I have simply implemented DataParallel technique to utilize multiple GPUs on single machine. I am getting an error in fit function
https://github.com/mindee/doctr/blob/main/references/recognition/train_pytorch.py
from fastprogress.fastprogress import master_bar, progress_bar
In fit_one_epoch function:
for images, targets in progress_bar(train_loader, parent=mb):
images = images.to(device)
targets = targets.to(device)
In main func:
model = model.to(device)
if device == 'cuda':
model = nn.DataParallel(model)
# model = model.to(device)
cudnn.benchmark = True
Traceback
Traceback (most recent call last):
File "/home2/coremax/Documents/doctr/references/recognition/DP_KR.py", line 481, in <module>
main(args)
File "/home2/coremax/Documents/doctr/references/recognition/DP_KR.py", line 390, in main
fit_one_epoch(model, train_loader, batch_transforms, optimizer, scheduler, mb, amp=args.amp)

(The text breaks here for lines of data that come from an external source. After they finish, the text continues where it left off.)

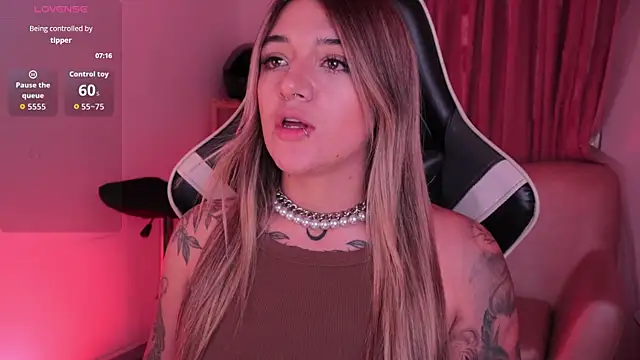 ashleyvalirya online show from 12-18-25, 04:07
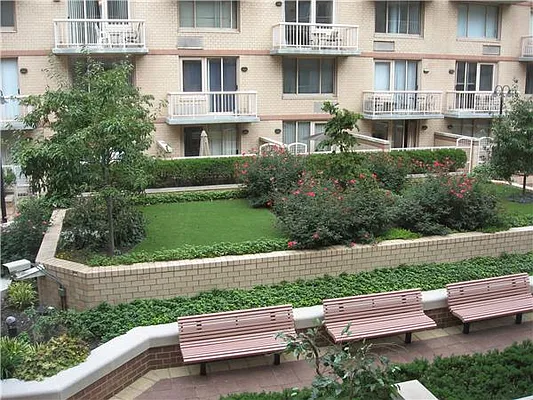 Sold by RELO REDAC INC. | media 7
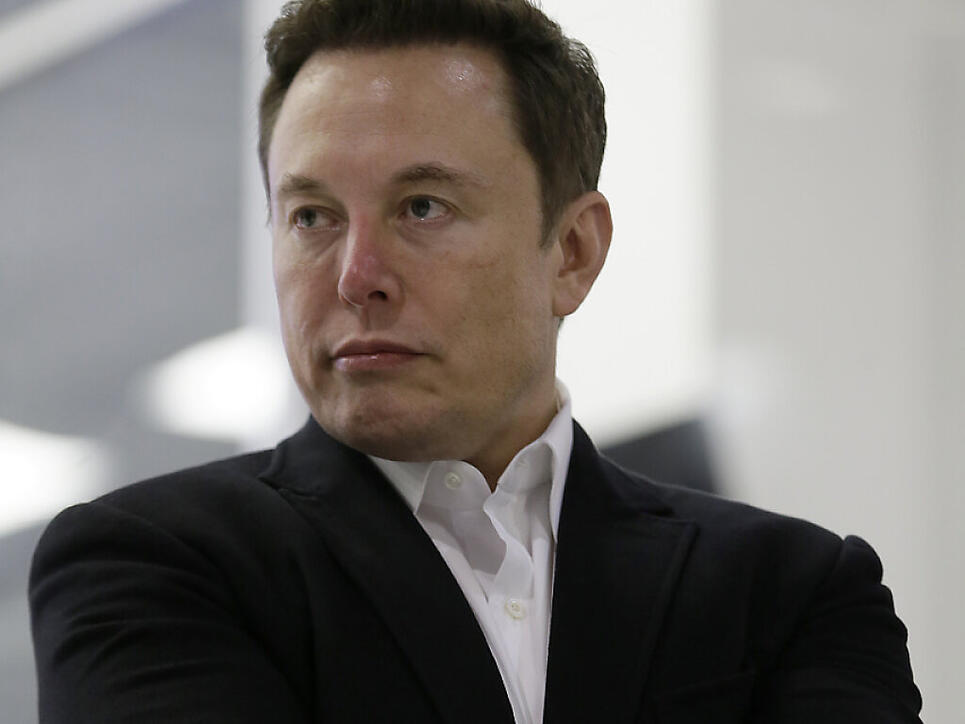 Musk owns a tesla roadster car 0001 (the first one off the production line) from tesla motors, a. Tesla Chef Verkundet Abschied Von Twitter Vaterland Online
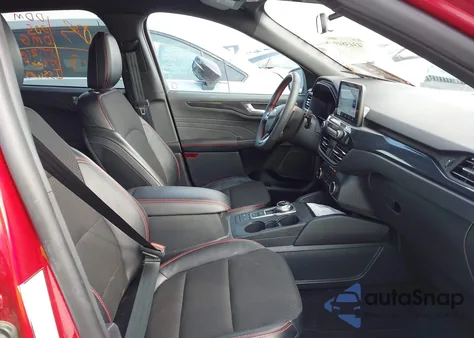 2025 Ford Escape St-Line z USA, uszkodzony, nr VIN 1FMCU9MN2SUB19414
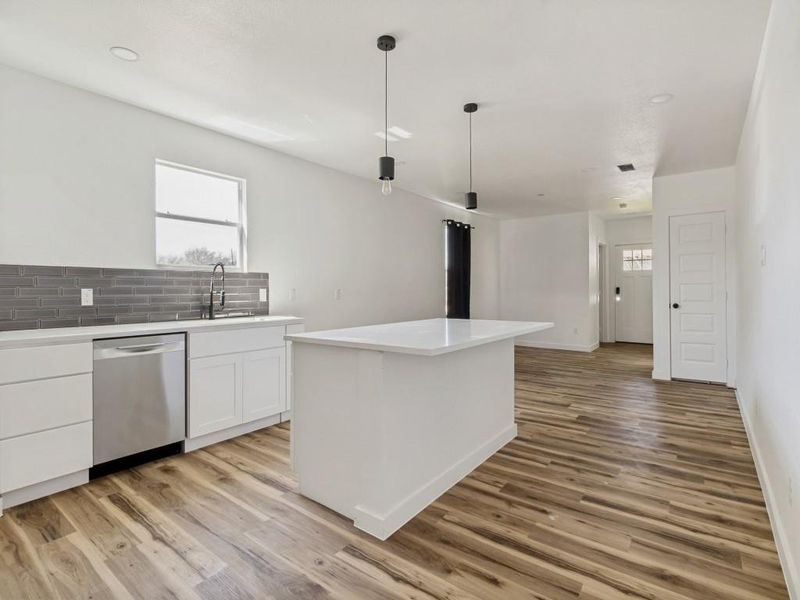 Furnished interior view inside a new home in , Dallas (Image 10).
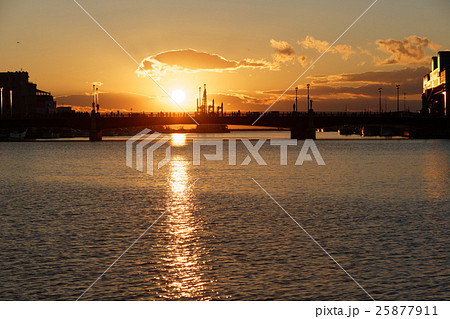 秋の釧路港の夕日と幣舞橋の写真素材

File "/home2/coremax/Documents/doctr/references/recognition/DP_KR.py", line 122, in fit_one_epoch
targets = targets.to(device)
AttributeError: 'list' object has no attribute 'to
Based on the error message it seems your targets are passed as a list from the DataLoader. I don’t understand how nn.DataParallel is related to it as the data loading logic shouldn’t change. In any case, could you describe how you are loading the data and targets in your Dataset.__getitem__?
You are right! this is docTR library and they are using different logic for a single GPU. Due to the huge amount of training data, I have to utilize multiple data. targets variable is problem for me
Could you point me to the code which shows a different usage for multi-GPU use cases in the Dataset, please? I still don’t understand how this could be the case since the Dataset is not aware if you are using nn.DataParallel or not.
I did not find multi-GPU usage in the Dataset Do you mean Data Parallel code? I am using simple example to implement DataParallel in my code like below link
# GPU
if isinstance(args.device, int):
if not torch.cuda.is_available():
raise AssertionError("PyTorch cannot access your GPU. Please investigate!")
if args.device >= torch.cuda.device_count():
raise ValueError("Invalid device index")
# Silent default switch to GPU if available
elif torch.cuda.is_available():
args.device = 0
else:
logging.warning("No accessible GPU, targe device set to CPU.")
if torch.cuda.is_available():
torch.cuda.set_device(args.device)
model = model.cuda()